With me not picking now, I will walk the rows every three days with the hand sprayer in hand mixed with Sevin. I will spray from a distance before they fly any that I see. I just will be looking close to make sure I do not hit my buddies the Wasps!


----------



## Take'm (Dec 6, 2011)

Chessieman said:


> With me not picking now, I will walk the rows every three days with the hand sprayer in hand mixed with Sevin. I will spray from a distance before they fly any that I see. I just will be looking close to make sure I do not hit my buddies the Wasps!


Thanks, that seems manageable!


----------



## jiggin is livin (Jan 7, 2011)

Chessieman said:


> With me not picking now, I will walk the rows every three days with the hand sprayer in hand mixed with Sevin. I will spray from a distance before they fly any that I see. I just will be looking close to make sure I do not hit my buddies the Wasps!


Damn, we need an asparagus thread! I just planted 10 crowns this year. They are starting to pop now, what do I need to know going forward? Any fertilyzer or anything they love? I wouldn't mind getting this to spread as far as possible, I gave it plenty of room and may add another row yet. We love the stuff. Considering we don't plan on ever moving again, I am willing to put in the time and effort now.


----------



## Chessieman (Dec 8, 2009)

No, you let it grow during the summer and fertilize it during the late fall. Cut it down in the winter or before growth. I use to brush hog mine after it turned yellow in November just so I can fertilize it easier. No more, I want to squeeze all the plant growth down to the root ball. How you encourage more stems coming up in the spring is by picking them at below ground level. Every time you cut one another nip forms at the ball which will gradually shoot up more stalks. I have hundreds of single plants that throw up a dozen stems twice a week. I will try to remember to take a picture or the Plow I made for planting Asparagus. I threw seeds on the surface after the last frost on the places on the lines that were bare, these are now 4" tall and soon to be shaded by the weeds or neighboring plants. There is now only about five hundred or a thousand of these small plants now. I think I mentioned this before about a observation last winter. 80% of the plants next to the bare areas produced heavy seeds to naturally fill in the gaps. My Moth Balls must have washed away, I had the deer come in and eat a few dozen tops deforming the plant but I will leave them as is. I never had to spot spray for Beatles this year, those Moth Balls work! If you have a small patch you can put compost on it now to help your ground.


----------



## jiggin is livin (Jan 7, 2011)

Chessieman said:


> No, you let it grow during the summer and fertilize it during the late fall. Cut it down in the winter or before growth. I use to brush hog mine after it turned yellow in November just so I can fertilize it easier. No more, I want to squeeze all the plant growth down to the root ball. How you encourage more stems coming up in the spring is by picking them at below ground level. Every time you cut one another nip forms at the ball which will gradually shoot up more stalks. I have hundreds of single plants that throw up a dozen stems twice a week. I will try to remember to take a picture or the Plow I made for planting Asparagus. I threw seeds on the surface after the last frost on the places on the lines that were bare, these are now 4" tall and soon to be shaded by the weeds or neighboring plants. There is now only about five hundred or a thousand of these small plants now. I think I mentioned this before about a observation last winter. 80% of the plants next to the bare areas produced heavy seeds to naturally fill in the gaps. My Moth Balls must have washed away, I had the deer come in and eat a few dozen tops deforming the plant but I will leave them as is. I never had to spot spray for Beatles this year, those Moth Balls work! If you have a small patch you can put compost on it now to help your ground.

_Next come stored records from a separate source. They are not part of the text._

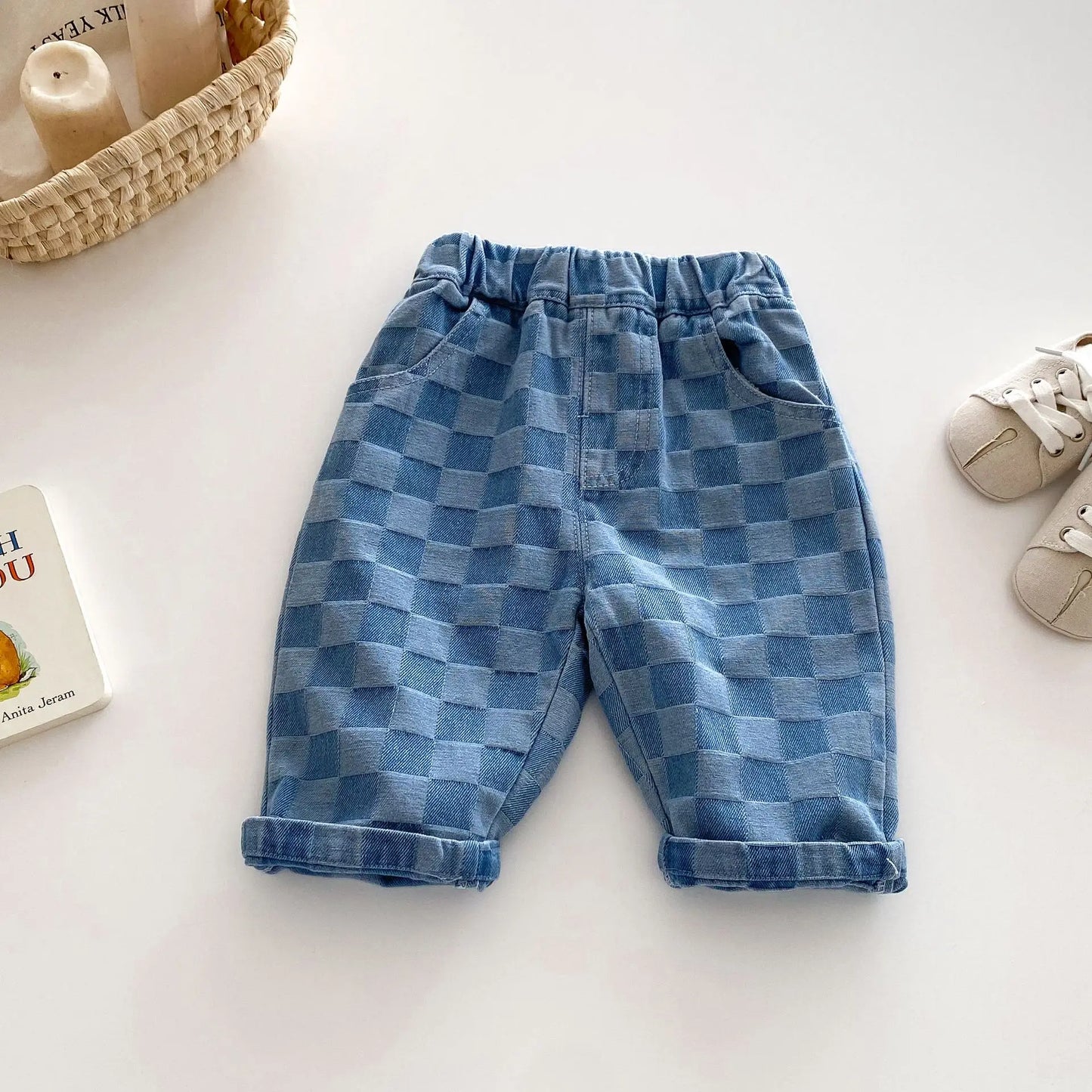  Kids Pants for Boys and Girls  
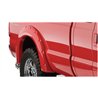 Husky Liners | Fender Flares Pocket-Style 4PC Set - F-250 / F-350 2008-2010
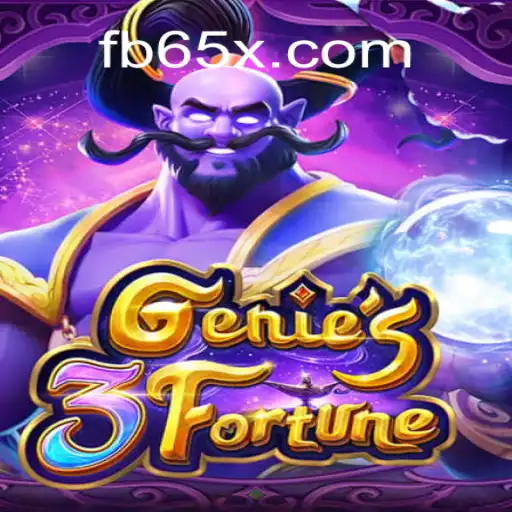 Unveiling the Exciting World of Genie3Fortune in Collaboration with 65X.COM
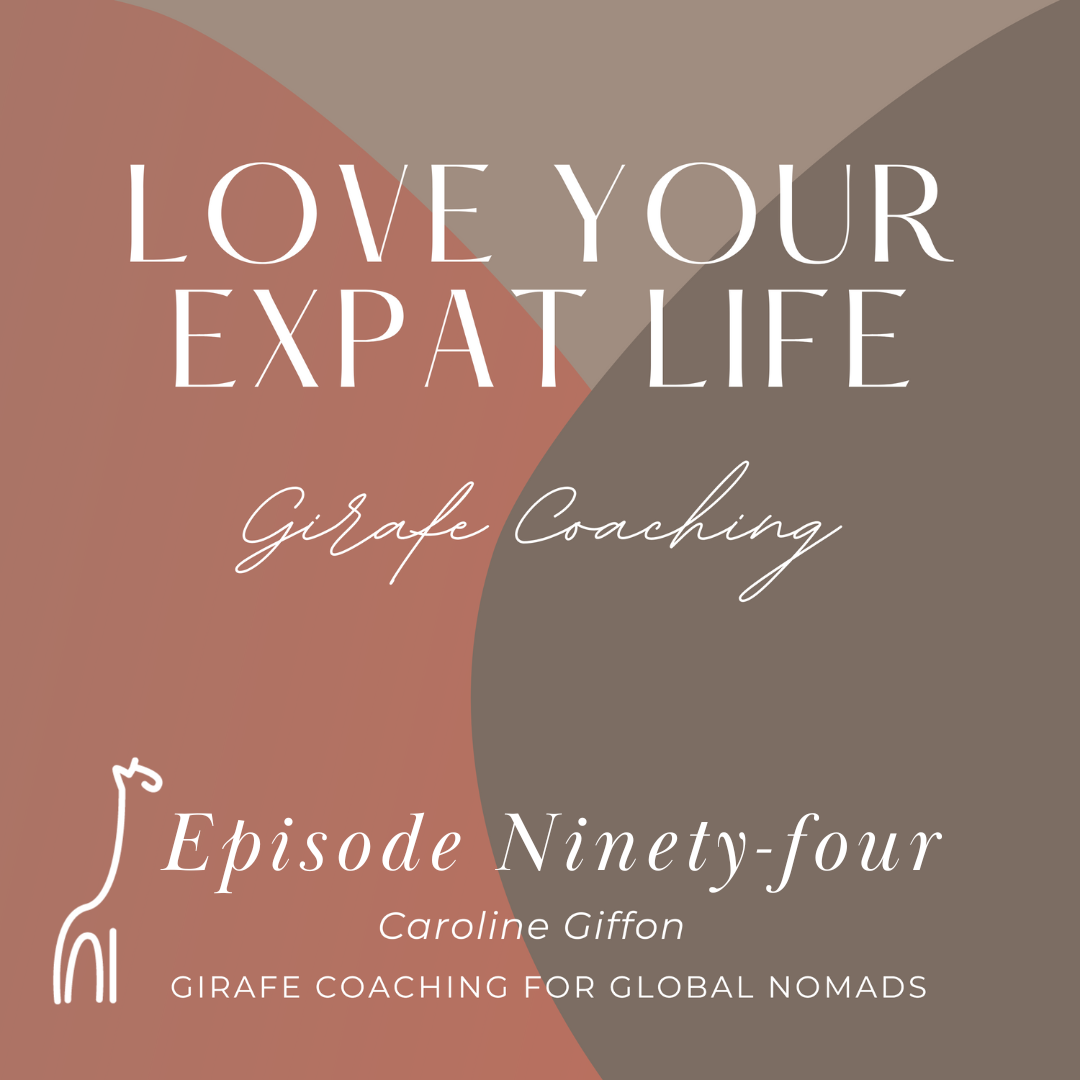 Love Your Expat Life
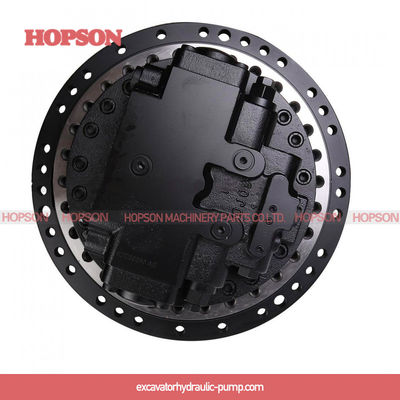 Vestito PC60 SK60 SH60 E70B dell'azionamento di  Excavator Travel Motor Final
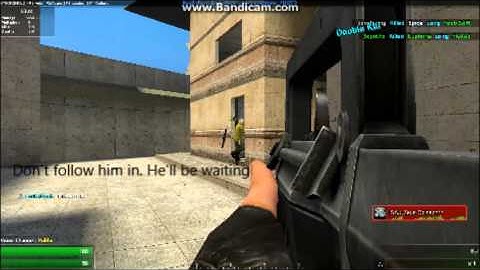 Stronghold Tips - 1 (Scyntho)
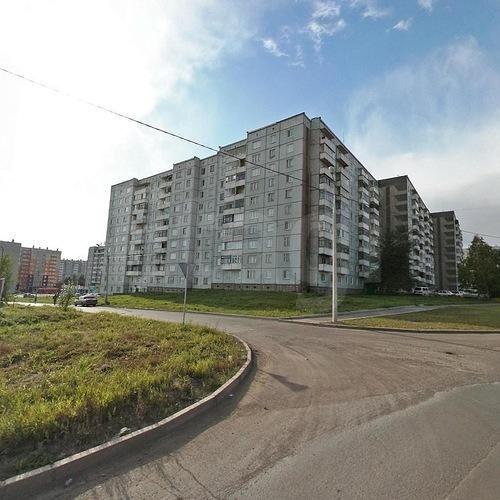 Продажа 3-комнатной квартиры, Красноярск, Славы, 1 Продажа 3-комнатной квартиры, Красноярск, Славы, 1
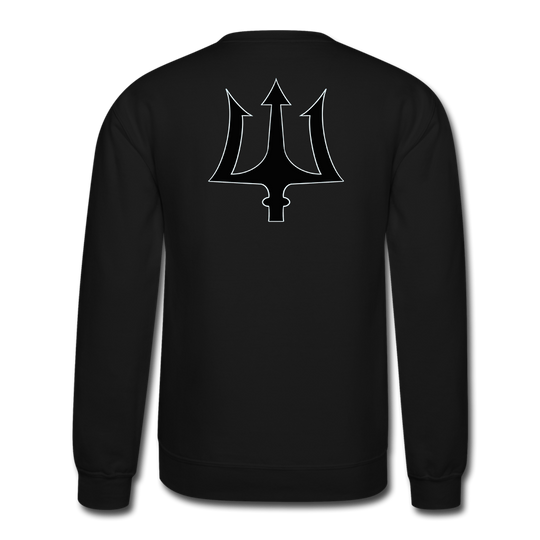 B 4-2 Grim Reapers Crewneck Sweatshirt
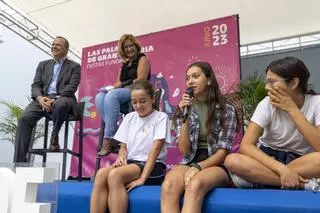 Las fiestas fundacionales hacen tributo a la juventud/ ponen el acento en la juventud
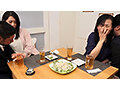 今夜はお酒もおかずも最高だ！仕事終わりに飲んでる女をナンパ3 2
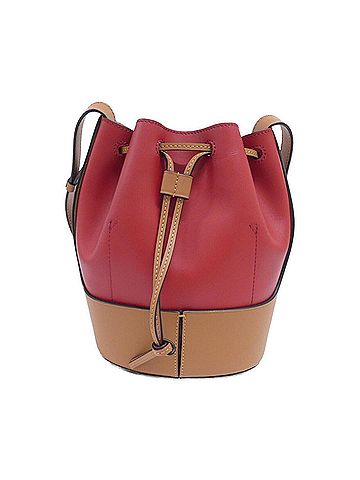 Loewe Loewe Balloon Handbag Small 326 76AC31 Shoulder Bag (view 2)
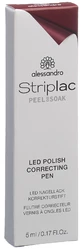 Alessandro International Striplac 2 0 Korrekturstift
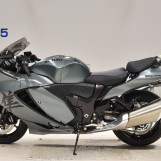 Мотоцикл Suzuki GSX1300R HAYABUSA с пробегом 260 km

I have always heard don't pick the first year to let it grow, and I was thinking of not picking next year either. From what you are telling me, or at least the way I understand it, I SHOULD pick next year?


----------



## Chessieman (Dec 8, 2009)

I would for two times as long as you have rain coming. They recommend you bury them in a trench filling in for two years. If you do not pick then you loose that plant most likely you are SOOL. I will cut this years one year old's next year when everything is cut to get the Grass down. My pencil thick plants have at least 4 to 6 stems coming up in the third season. This is a seed source I bought from before;
Mary Washington Asparagus 

I see they doubled their price (like all the greedy people) but there are other ones, the generic modified for rust is good to have. You would think being a Michigan company they would have a will call for pick up but are to young to be smart. I think one pound is around 9000 seeds. All seeds must be cold stratified for 90 days, mine have been in the freezer for three years. Seeds can be collected from existing patches and you can get more than you need in a half of hour.
I may have shown this before of one years growth from seed, the depth that the ball forms is pretty incredible for a plant.


----------



## jiggin is livin (Jan 7, 2011)

Chessieman said:


> I would for two times as long as you have rain coming. They recommend you bury them in a trench filling in for two years. If you do not pick then you loose that plant most likely you are SOOL. I will cut this years one year old's next year when everything is cut to get the Grass down. My pencil thick plants have at least 4 to 6 stems coming up in the third season. This is a seed source I bought from before;
> Mary Washington Asparagus
> 
> I see they doubled their price (like all the greedy people) but there are other ones, the generic modified for rust is good to have. You would think being a Michigan company they would have a will call for pick up but are to young to be smart. I think one pound is around 9000 seeds. All seeds must be cold stratified for 90 days, mine have been in the freezer for three years. Seeds can be collected from existing patches and you can get more than you need in a half of hour.
> ...


What you have in the bag is pretty much what I have standing from each of my crowns right now.


----------